Although Democrats hold a 55-45 majority in the Senate, Republicans had been able to block many of President Obama’s court nominees and appointments by requiring a supermajority for confirmation. Now, however, senators can no longer filibuster nominees to executive branch posts or the courts, with the exception of the Supreme Court. Legislation can still be filibustered as well as other Senate actions.

More than 10 percent of federal judgeships are vacant. The number considered “judicial emergencies” has increased by 85 percent since President Obama assumed office in 2009, according to a report issued in October by Alliance for Justice, a federation of more than 100 organizations devoted to making sure the federal judiciary advances core constitutional values, preserves human rights and unfettered access to the courts, and adheres to the even-handed administration of justice for all Americans.

“Our data show that the overwhelming majority of the blame for this crisis rests squarely with Senate Republicans,” said AFJ President Nan Aron.  “Where there still aren’t nominees, it’s usually because Republican Senators are refusing to recommend qualified candidates to fill vacancies in their home states.  And where there already are nominees, Republicans continue their unprecedented ‘obstruction of justice’ by continuing to stall those nominees.”

According to the report, 90 percent of all current vacancies without a nominee are in states with at least one Republican Senator.  Fifty-one percent are in states with two Republican Senators.

“That’s no coincidence,” Aron explained.  “Republicans have cynically abused Senate tradition and refused to approve proposed nominees in their home states.  Without that approval – which requires returning a ‘blue slip’ – the Senate Judiciary Committee won’t hold a hearing on a nominee.  Then these same Republicans turn around and blame the president for not nominating anyone to fill the vacancy.”

The opposition to President Obama is unprecedented.

“Before Obama, 20 executive branch nominees were filibustered. Under Obama, 16 have been filibustered,” the Washington Post noted. “… If current trends continue, they say, it’s entirely possible Obama could end up seeing more of his executive-branch nominees filibustered than every other president in history combined.”

The Alliance for Justice report found, “President Obama’s nominations have brought near parity between Democratic-appointed judges and Republican-appointed judges.  Since the end of the Bush Administration, the percentage of Republican-appointed circuit court judges dropped from 61.3 percent to 49.1 percent, and the percentage of Republican-appointed district court judges dropped from 58.6 percent to 50.3 percent.” It explained, “The president has appointed the highest percentage of women (42 percent) and minorities (38 percent) in history.”

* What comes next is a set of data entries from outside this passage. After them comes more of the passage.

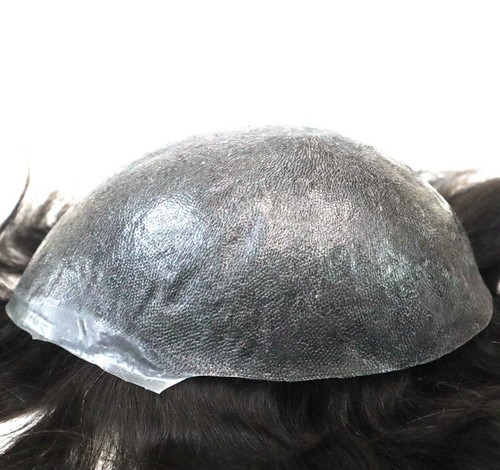Mens Toupee Injected Skin Hair Replacement System 100% Human Remy 8'' Hair Piece - Picture 2 of 46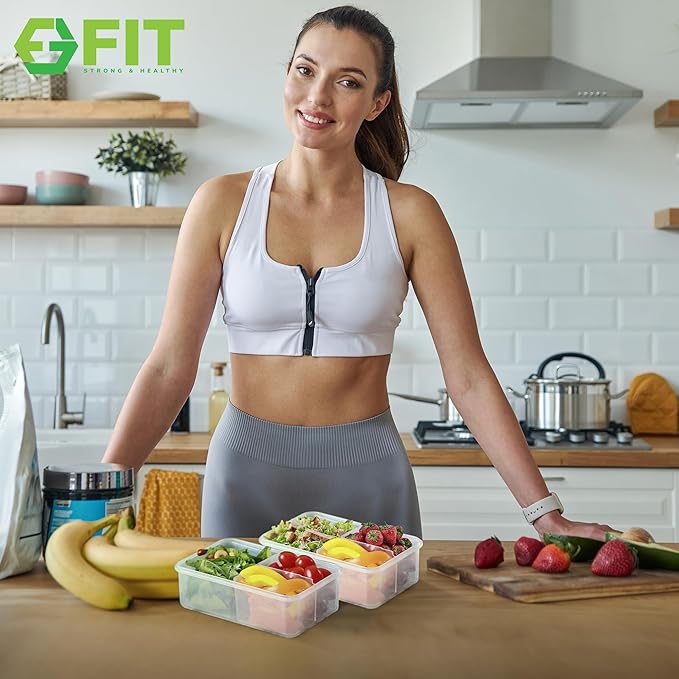 Bento Box for Kids and Adults - Reusable Lunch Box Meal Prep Containers - 3 Compartment Snack Box Container with Airtight Lid - Dishwasher, Freezer, Microwave Safe Food Snack Storage (39 oz, 3 Pack)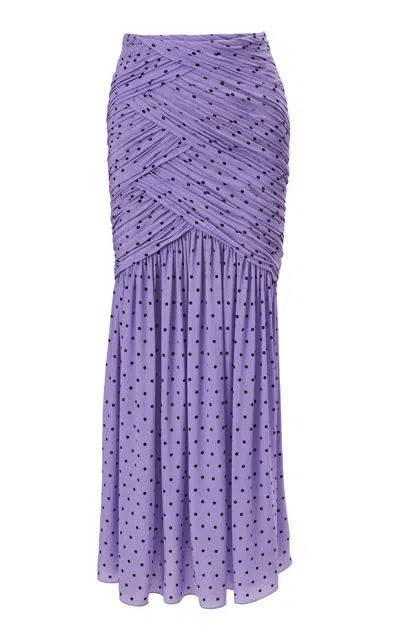 Carolina Herrera Ruched Dot-print Double Crepe De Chine Midi Skirt In Purple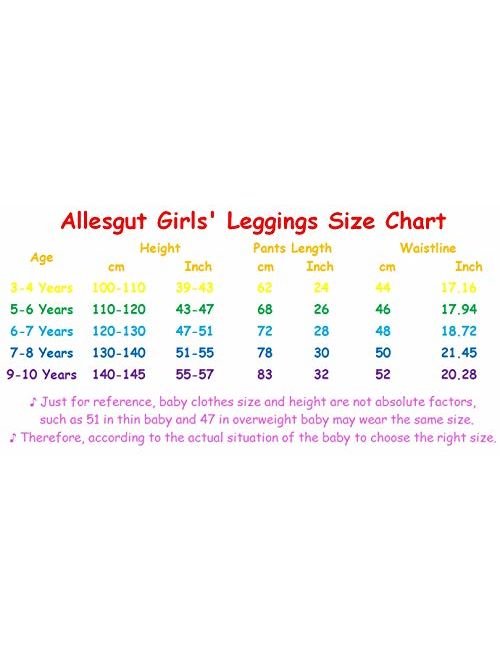 Allesgut Girls' Assorted Leggings Ankle Length Pants Footless Tights 4 Pack for 3-12 Years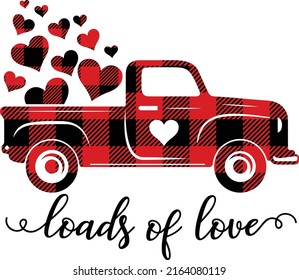 Valentines Day Truck Isolated Vector Design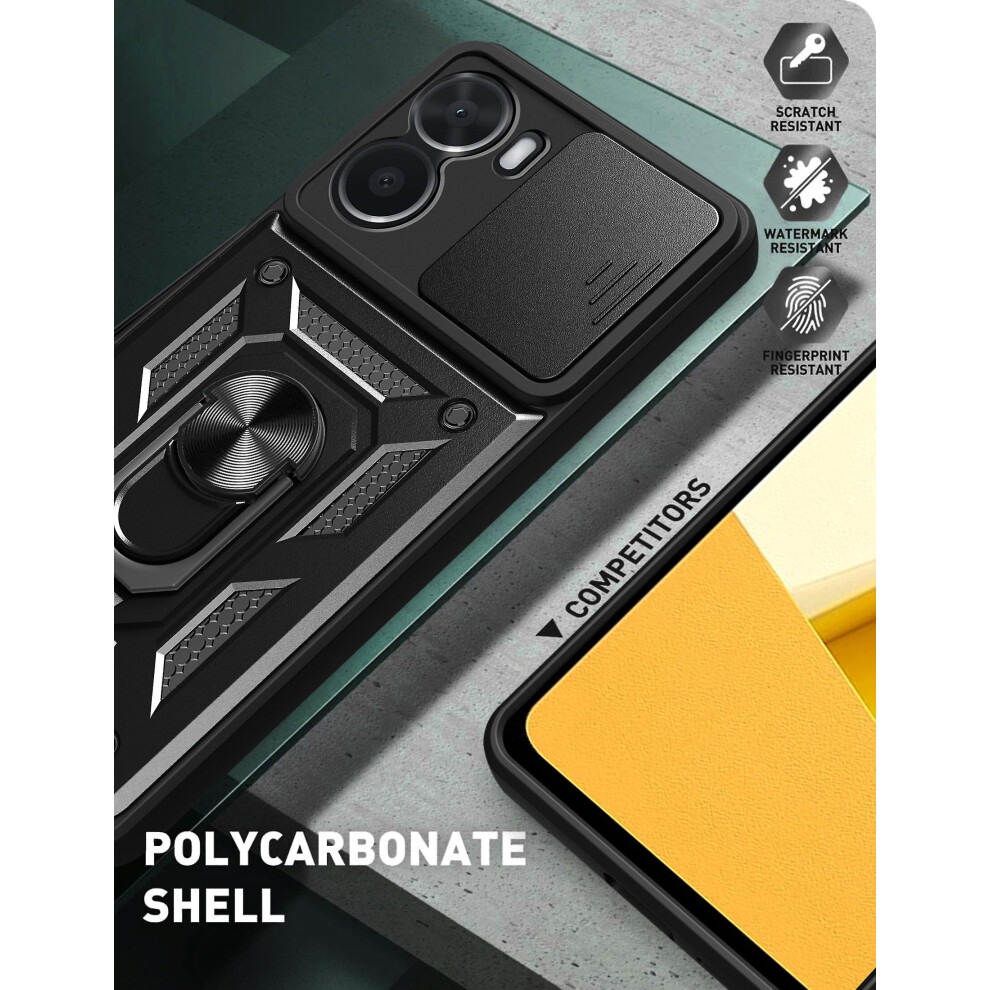 Magnetic Phone Case Compatible Vivo V16 4G, Slide Camera Lens Protection And Built In 360 Rotatable Ring Holder: Silver 3748264226084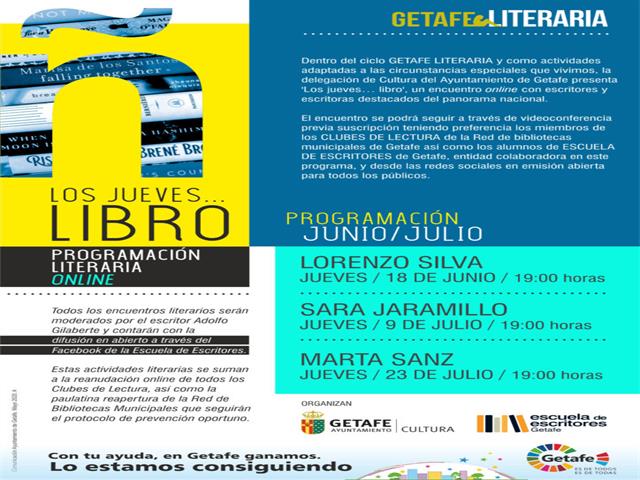 Getafe organiza ‘Los jueves…libro’ con encuentros on-line con destacados escritores del panorama nacional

Republicans are needlessly stalling the nominations. As Senate Minority Leader Mitch McConnell conceded, Obama’s nominee to become Secretary of Energy was eventually approved, 97-0; Secretary of Interior, 87-11, Secretary of Treasury, 71-26, Secretary of Commerce, 97-1, and Secretary of Transportation, 100-0.

Senate Majority Leader Harry Reid said in a speech, “That’s the whole point. They don’t have anything. There’s nothing wrong with these people. There’s nothing wrong with their qualifications. They [Republicans] simply want to stall what goes on.”

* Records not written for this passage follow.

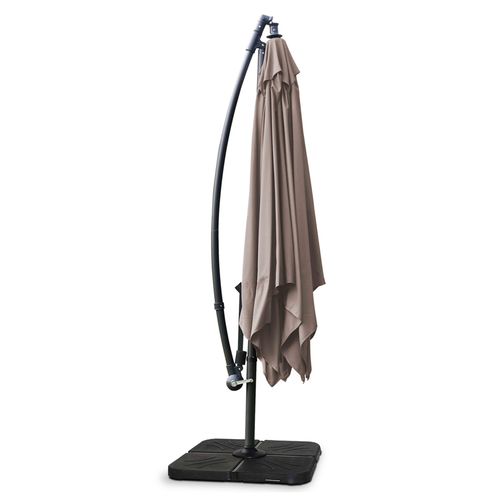 Parasol Déporté 3x3m Acier Taupe Genova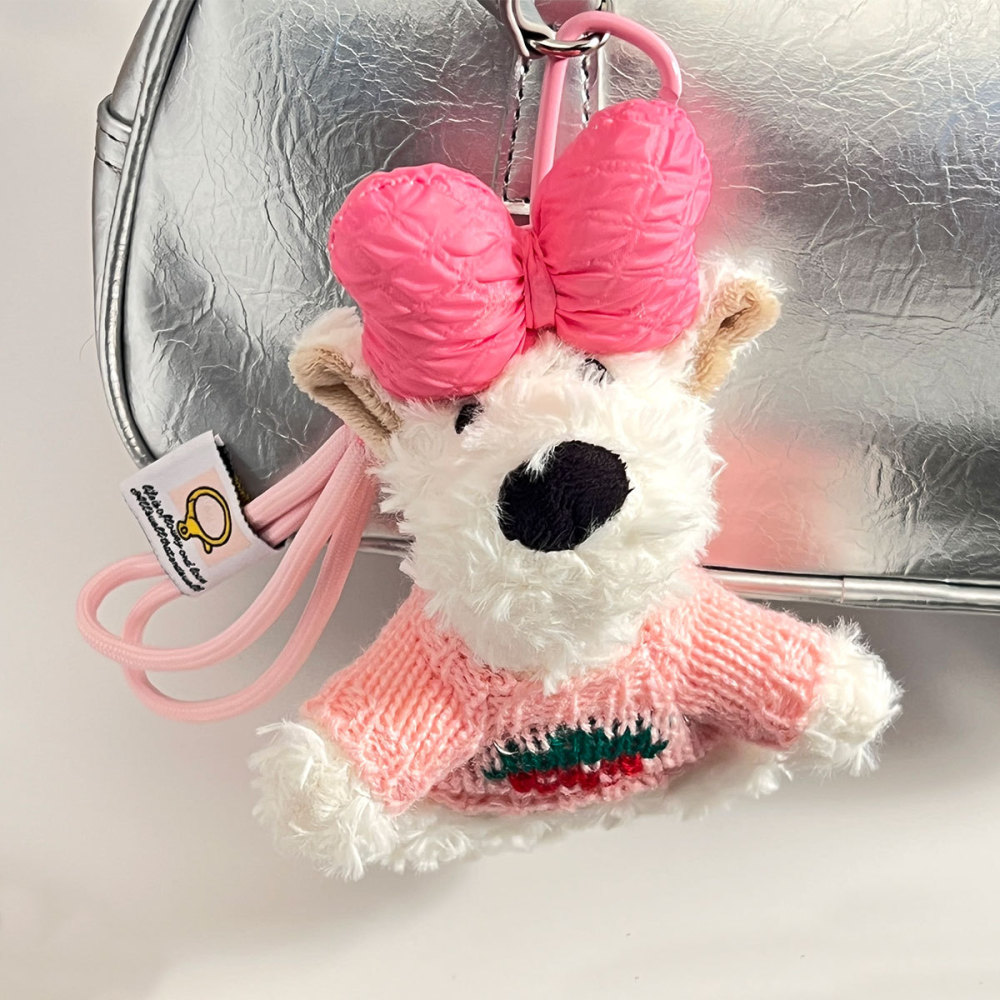 1 Breloque De Sac Pour Femme En Rayonne, Série Romantique, Motif Animal Doux h5Image3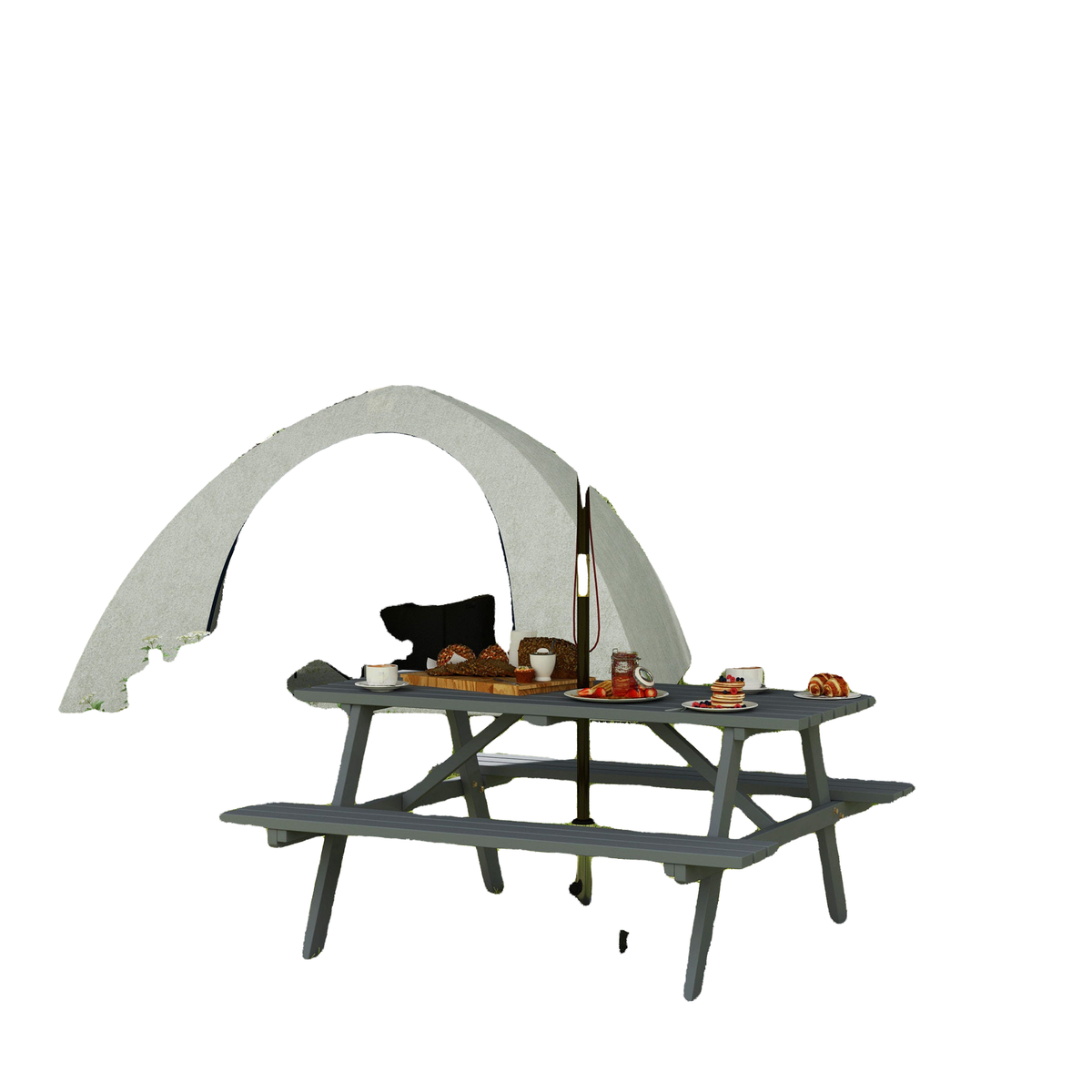 Wood Picnic Table, Camping Table and Bench Set with Umbrella Hole for Outdoor, Garden, Patio, Backyard, Grey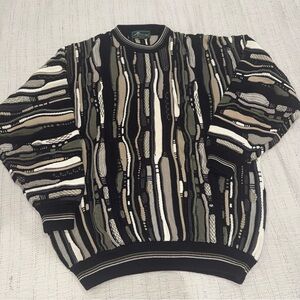 Vtg 100% Cotton Sterling 3D Knit Mens XL Multicolor Coogi Style Cosby Sweater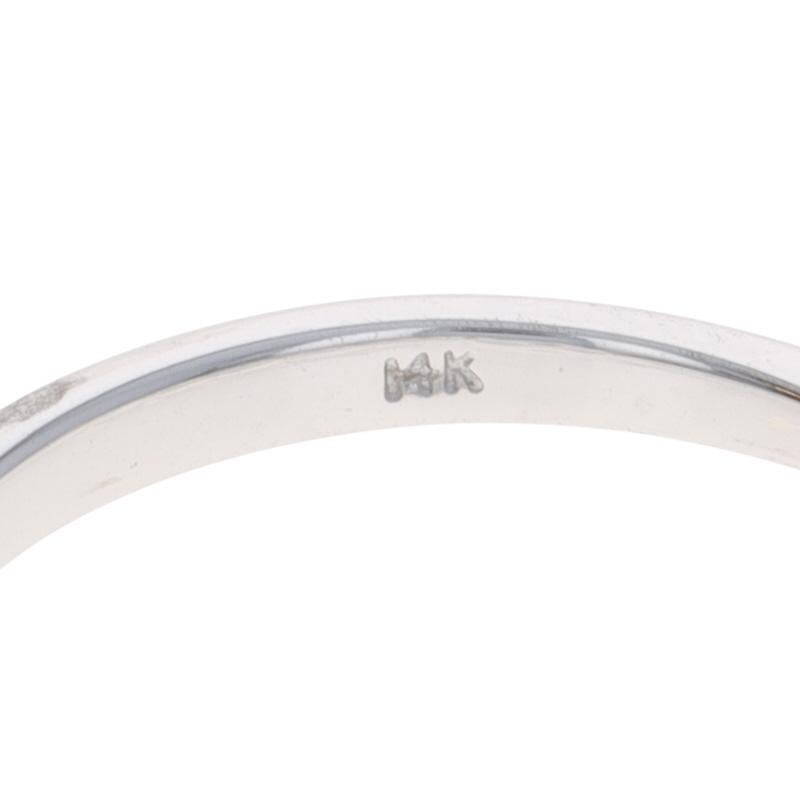 Fascia con nove pietre di diamante in oro bianco - Anello a Brilliante Rotondo 14k da 0,65 ct. in vendita 1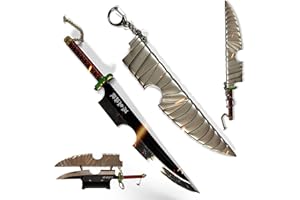 ‎SWORDS AND MORE Demon Slayer Brieföffner Anime Katana, Mini Schwert, Scheide & Ständer, Samurai Sword, Animeschwert, Schlüsselanhänger, Anime Geschenk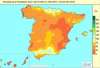 Mapa de España que muestra la precipitación acumulada.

If Republicans could have their way, they would stall until the next president is elected, hoping that person will be a Republican.

The breaking point came when Senate Republicans blocked three nominees – Patricia Millett, Cornelia “Nina” Pillard and Robert L. Wilkins – to the U.S. Court of Appeals for the District of Columbia Circuit, which reviews many actions taken by the executive branch and is considered the second most powerful court in the nation. All three are imminently qualified and emerged from committee hearings unblemished.

Finally, Democrats went nuclear. Now, confirmation should be easier for Obama’s appointments to head the Department of Homeland Security, the Federal Reserve and the Federal Housing Finance Agency and other agencies.

In addition, the change gives Obama a better chance of making progress on issues he listed in his inaugural speech, including immigration reform, climate change, income inequity and gun violence.

However, this will not mark the end of Congressional gridlock. House Republicans appear to be still captive of the ultra-conservative Tea Party and their counterparts in the Senate are still intent on opposing Obama’s initiatives.

Even with the nuclear option, GOP Senators plan to actively oppose President Obama. That’s fine, but at least the minority will no longer be able to thwart the will of the majority.

Some Republicans say the latest move will make them less inclined to cooperate with Democrats. It’s hard to imagine bipartisanship being much lower than it is. This “do nothing” Congress has enacted only 49 laws, the fewest since such records were first kept in 1947.

And some Republicans, including Mitch McConnell, say they will change even more rules once they regain the majority. Majority rule is all Senate Democrats were seeking. They had been bullied long enough by the radical minority.

George E. Curry, former editor-in-chief of Emerge magazine, is editor-in-chief of the National Newspaper Publishers Association News Service.